--- Input data ---

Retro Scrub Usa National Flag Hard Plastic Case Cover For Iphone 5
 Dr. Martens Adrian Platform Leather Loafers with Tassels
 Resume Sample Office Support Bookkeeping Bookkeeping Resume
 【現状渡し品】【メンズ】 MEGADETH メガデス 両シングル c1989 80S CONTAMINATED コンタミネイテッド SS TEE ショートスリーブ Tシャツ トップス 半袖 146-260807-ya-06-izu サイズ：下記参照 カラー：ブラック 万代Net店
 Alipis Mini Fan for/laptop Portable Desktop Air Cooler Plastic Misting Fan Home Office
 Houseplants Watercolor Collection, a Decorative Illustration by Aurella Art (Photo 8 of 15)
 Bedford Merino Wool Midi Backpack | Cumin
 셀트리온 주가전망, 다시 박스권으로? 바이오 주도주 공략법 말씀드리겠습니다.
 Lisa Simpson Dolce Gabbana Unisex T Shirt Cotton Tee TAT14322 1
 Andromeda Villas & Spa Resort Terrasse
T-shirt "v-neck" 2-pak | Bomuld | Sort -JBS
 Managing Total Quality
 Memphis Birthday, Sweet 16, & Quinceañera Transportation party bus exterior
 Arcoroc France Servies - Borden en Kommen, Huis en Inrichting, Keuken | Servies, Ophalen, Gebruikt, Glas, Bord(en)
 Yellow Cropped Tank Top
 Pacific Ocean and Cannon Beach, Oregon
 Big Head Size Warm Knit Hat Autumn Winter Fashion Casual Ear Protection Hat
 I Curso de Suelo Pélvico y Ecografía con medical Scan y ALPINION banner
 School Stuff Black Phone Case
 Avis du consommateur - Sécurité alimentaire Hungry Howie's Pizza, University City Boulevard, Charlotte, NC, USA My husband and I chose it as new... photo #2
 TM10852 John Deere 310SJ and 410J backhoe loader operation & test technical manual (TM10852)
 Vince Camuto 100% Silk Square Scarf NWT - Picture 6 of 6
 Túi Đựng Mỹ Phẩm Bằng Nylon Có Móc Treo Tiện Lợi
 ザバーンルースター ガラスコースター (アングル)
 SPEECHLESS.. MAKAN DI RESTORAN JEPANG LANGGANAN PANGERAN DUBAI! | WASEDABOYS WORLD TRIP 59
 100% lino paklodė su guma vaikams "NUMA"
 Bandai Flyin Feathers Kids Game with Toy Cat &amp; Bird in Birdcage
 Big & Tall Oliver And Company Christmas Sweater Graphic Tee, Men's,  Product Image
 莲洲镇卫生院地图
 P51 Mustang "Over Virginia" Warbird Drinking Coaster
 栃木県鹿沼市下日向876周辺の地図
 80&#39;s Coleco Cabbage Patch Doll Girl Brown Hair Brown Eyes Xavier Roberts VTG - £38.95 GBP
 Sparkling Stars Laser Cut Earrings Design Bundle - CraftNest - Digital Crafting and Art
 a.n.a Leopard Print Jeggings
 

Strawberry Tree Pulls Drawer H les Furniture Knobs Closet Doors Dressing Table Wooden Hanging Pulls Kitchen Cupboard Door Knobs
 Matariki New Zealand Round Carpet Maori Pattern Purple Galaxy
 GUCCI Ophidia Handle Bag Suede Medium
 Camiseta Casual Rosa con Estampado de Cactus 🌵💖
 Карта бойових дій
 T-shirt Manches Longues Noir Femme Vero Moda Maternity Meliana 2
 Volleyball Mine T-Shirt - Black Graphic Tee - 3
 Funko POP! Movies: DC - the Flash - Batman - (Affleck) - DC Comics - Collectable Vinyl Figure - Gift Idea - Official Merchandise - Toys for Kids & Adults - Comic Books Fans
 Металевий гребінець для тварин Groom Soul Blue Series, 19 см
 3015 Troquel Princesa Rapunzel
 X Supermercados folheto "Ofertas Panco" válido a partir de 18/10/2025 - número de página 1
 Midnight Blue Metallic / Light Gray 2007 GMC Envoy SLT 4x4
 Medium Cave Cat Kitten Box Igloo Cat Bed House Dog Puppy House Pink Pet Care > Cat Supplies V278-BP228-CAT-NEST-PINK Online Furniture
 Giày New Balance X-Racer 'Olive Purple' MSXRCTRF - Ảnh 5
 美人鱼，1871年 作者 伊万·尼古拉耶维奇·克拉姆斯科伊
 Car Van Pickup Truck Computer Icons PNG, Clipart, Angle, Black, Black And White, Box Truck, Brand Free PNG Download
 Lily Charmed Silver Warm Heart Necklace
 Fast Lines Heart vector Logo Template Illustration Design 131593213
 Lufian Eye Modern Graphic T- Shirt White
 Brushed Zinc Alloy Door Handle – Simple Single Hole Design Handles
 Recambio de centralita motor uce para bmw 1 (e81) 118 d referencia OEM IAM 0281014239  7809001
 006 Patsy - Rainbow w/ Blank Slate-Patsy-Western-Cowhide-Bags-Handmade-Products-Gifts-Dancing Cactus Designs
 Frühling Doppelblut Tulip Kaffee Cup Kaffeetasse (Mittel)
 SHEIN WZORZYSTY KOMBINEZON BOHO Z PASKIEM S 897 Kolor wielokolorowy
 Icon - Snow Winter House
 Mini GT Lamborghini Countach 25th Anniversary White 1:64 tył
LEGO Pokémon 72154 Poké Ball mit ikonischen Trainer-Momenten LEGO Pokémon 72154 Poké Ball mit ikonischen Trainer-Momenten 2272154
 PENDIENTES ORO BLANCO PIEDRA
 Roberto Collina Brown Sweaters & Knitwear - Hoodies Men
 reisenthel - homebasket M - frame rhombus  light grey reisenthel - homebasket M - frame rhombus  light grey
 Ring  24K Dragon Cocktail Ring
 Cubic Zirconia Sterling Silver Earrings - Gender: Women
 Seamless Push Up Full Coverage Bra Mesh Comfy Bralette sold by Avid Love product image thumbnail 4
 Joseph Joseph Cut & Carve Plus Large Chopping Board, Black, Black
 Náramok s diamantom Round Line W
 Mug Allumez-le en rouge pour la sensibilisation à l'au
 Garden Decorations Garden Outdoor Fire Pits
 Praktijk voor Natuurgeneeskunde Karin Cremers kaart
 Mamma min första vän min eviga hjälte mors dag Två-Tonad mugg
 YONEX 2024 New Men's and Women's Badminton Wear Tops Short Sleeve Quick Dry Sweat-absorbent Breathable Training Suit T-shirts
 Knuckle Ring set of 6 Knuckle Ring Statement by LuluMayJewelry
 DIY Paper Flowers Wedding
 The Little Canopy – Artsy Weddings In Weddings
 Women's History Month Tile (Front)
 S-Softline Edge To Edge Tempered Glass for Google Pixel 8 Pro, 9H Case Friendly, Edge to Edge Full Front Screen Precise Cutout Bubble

---

▶ [Your goal]: Every line holding the word "Plastic" should be copied out of the material.

▶ [Solved problem]:
Retro Scrub Usa National Flag Hard Plastic Case Cover For Iphone 5
 Alipis Mini Fan for/laptop Portable Desktop Air Cooler Plastic Misting Fan Home Office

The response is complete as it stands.